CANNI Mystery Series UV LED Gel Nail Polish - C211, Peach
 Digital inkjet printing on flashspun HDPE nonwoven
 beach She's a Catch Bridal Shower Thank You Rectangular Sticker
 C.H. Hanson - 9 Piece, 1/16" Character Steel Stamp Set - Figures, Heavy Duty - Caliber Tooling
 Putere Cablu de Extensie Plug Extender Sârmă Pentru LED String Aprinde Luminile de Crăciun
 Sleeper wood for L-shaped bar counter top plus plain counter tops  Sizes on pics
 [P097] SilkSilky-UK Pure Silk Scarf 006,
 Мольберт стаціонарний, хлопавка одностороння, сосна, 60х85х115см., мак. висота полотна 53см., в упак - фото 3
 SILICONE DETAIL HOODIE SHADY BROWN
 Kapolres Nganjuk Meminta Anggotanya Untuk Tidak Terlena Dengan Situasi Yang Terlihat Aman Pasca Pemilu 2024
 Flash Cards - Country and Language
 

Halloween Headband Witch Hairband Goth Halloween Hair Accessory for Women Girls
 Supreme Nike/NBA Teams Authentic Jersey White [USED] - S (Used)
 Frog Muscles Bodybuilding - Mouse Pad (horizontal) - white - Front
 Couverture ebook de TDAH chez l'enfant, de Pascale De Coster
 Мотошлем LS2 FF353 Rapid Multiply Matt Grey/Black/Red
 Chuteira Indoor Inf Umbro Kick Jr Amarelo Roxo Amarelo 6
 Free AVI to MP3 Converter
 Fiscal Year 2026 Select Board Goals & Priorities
⁂
GOAL OF THE EXERCISE – Output the material verbatim.

WRITTEN RESPONSE –
CANNI Mystery Series UV LED Gel Nail Polish - C211, Peach
 Digital inkjet printing on flashspun HDPE nonwoven
 beach She's a Catch Bridal Shower Thank You Rectangular Sticker
 C.H. Hanson - 9 Piece, 1/16" Character Steel Stamp Set - Figures, Heavy Duty - Caliber Tooling
 Putere Cablu de Extensie Plug Extender Sârmă Pentru LED String Aprinde Luminile de Crăciun
 Sleeper wood for L-shaped bar counter top plus plain counter tops  Sizes on pics
 [P097] SilkSilky-UK Pure Silk Scarf 006,
 Мольберт стаціонарний, хлопавка одностороння, сосна, 60х85х115см., мак. висота полотна 53см., в упак - фото 3
 SILICONE DETAIL HOODIE SHADY BROWN
 Kapolres Nganjuk Meminta Anggotanya Untuk Tidak Terlena Dengan Situasi Yang Terlihat Aman Pasca Pemilu 2024
 Flash Cards - Country and Language
 

Halloween Headband Witch Hairband Goth Halloween Hair Accessory for Women Girls
 Supreme Nike/NBA Teams Authentic Jersey White [USED] - S (Used)
 Frog Muscles Bodybuilding - Mouse Pad (horizontal) - white - Front
 Couverture ebook de TDAH chez l'enfant, de Pascale De Coster
 Мотошлем LS2 FF353 Rapid Multiply Matt Grey/Black/Red
 Chuteira Indoor Inf Umbro Kick Jr Amarelo Roxo Amarelo 6
 Free AVI to MP3 Converter
 Fiscal Year 2026 Select Board Goals & Priorities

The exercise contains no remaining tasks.